Tip: open a ticket via the New Compression Pattern template and include raw output + expected compressed output.

Add or update an MCP tool

  • Core handler logic lives in rust/src/tools/ctx_*.rs — keep it pure and deterministic (#498). See ctx_explore.rs for the citation-returning exploration pattern (BM25 + static graph + AST, bounded turns, no session writes).
  • The MCP adapter (implements McpTool) lives in rust/src/tools/registered/ctx_*.rs: schema via tool_def, arg parsing, ToolOutput. Register it in rust/src/server/registry.rs and bump the count SSOT in rust/src/server/mod.rs (test_registry_tool_count_ssot).
  • For a CLI surface, add rust/src/cli/<name>_cmd.rs and route it in rust/src/cli/dispatch/mod.rs (+ dispatch/help.rs).
  • Regenerate and commit the SSOT artifacts: cargo run --example gen_mcp_manifest --features dev-tools and cargo run --example gen_docs --features dev-tools.
  • If you change the public tool surface, also update LEANCTX_FEATURE_CATALOG.md (SSOT snapshot). The entrypoints_wired, mcp_manifest_up_to_date and reference_docs_drift tests gate the wiring end to end.

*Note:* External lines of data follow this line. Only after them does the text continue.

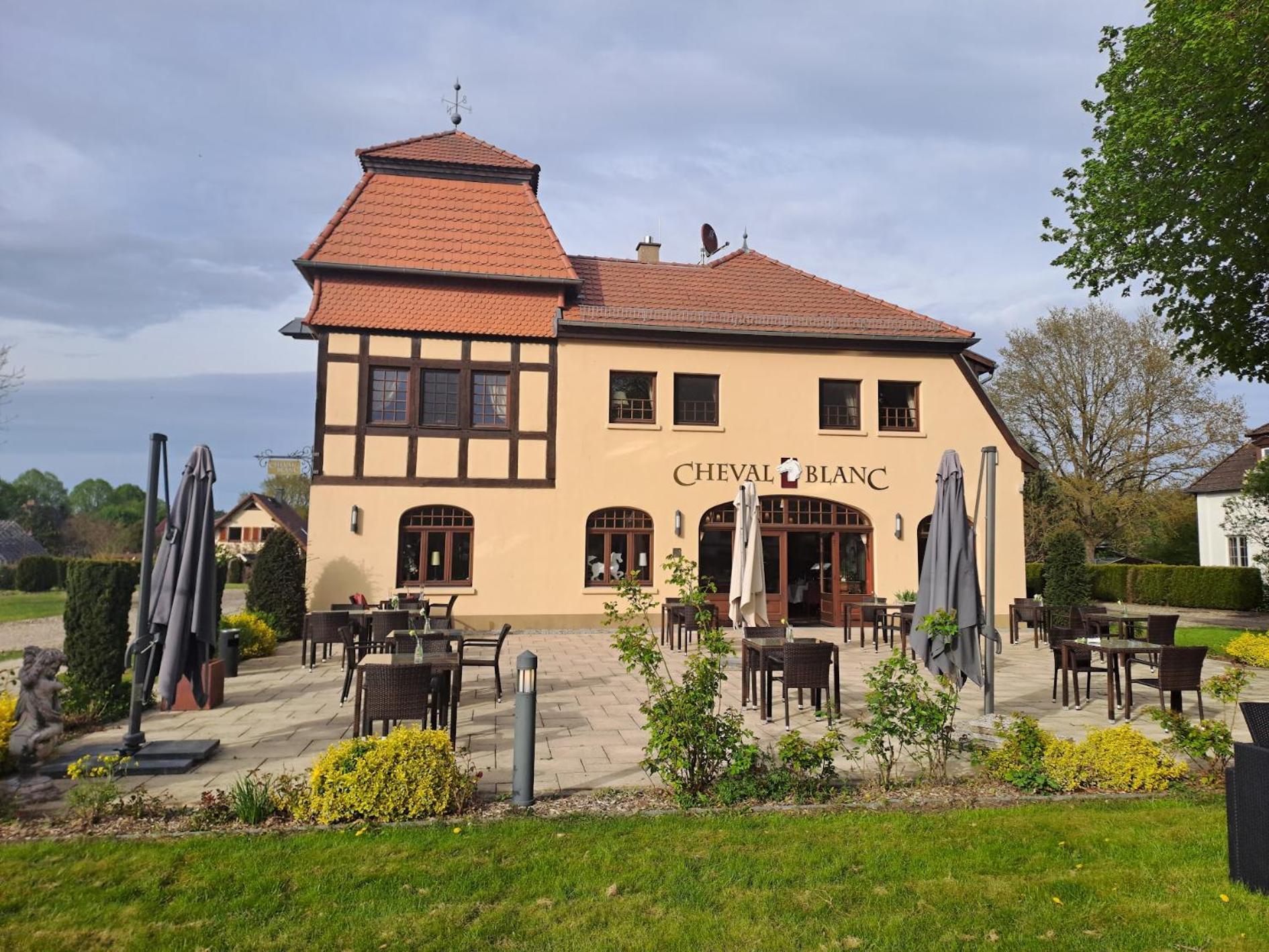 Bernsteinschloss Wendorf  外观 照片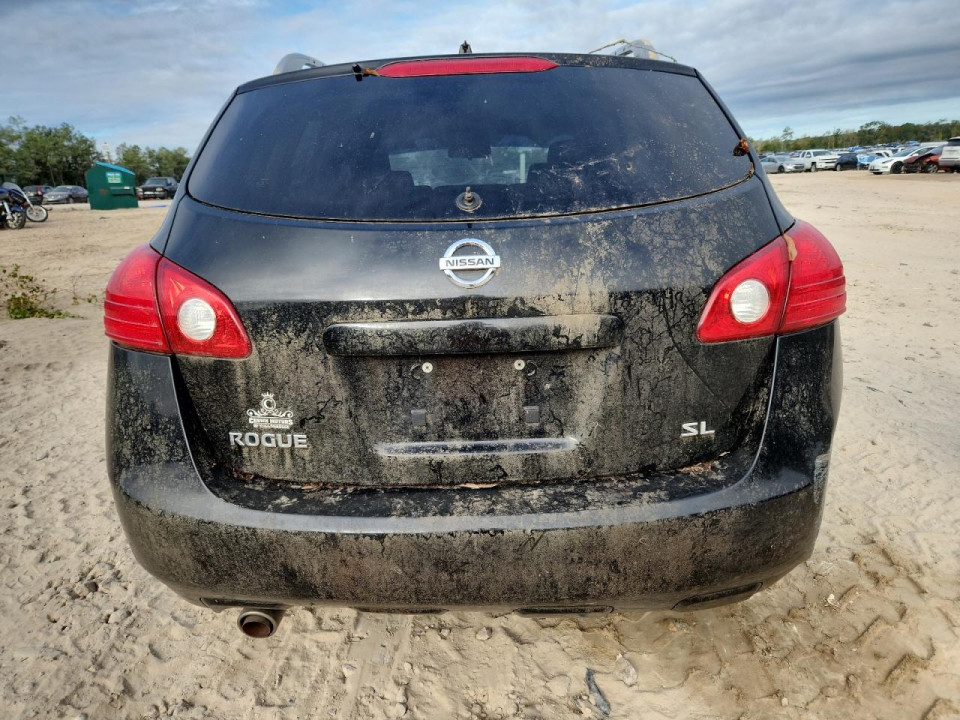 Nissan ROGUE 2010 — Copart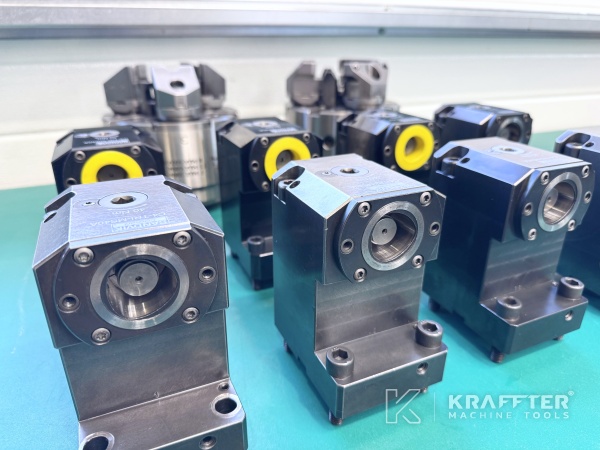Accessories for CNC lathe DMG MORI NRX 2000 MC 90179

Add an addon to the registry

An addon entry in rust/data/addon_registry.json ships executable trust to every user (a stdio addon runs code on their machine; an http addon receives their context). Registry submissions are therefore reviewed like a security change, not a docs change. See the addon manifest contract.

Your submission must:

  1. Use a unique slug [a-z0-9-] and fill author, homepage, license, description (the CI validator rejects installable entries that don't).
  2. Pin the upstream. No latest, no npx/uvx-without-a-version. The exact command + version must be reproducible.
  3. Not shell out (sh -c, bash -c), fetch-and-exec (curl, wget), or use a non-HTTPS url. The validator flags all of these.
  4. Point homepage at public, inspectable source for the MCP server.
  5. Default to the community tier (verified stays false) — verification is conferred by review, never self-asserted.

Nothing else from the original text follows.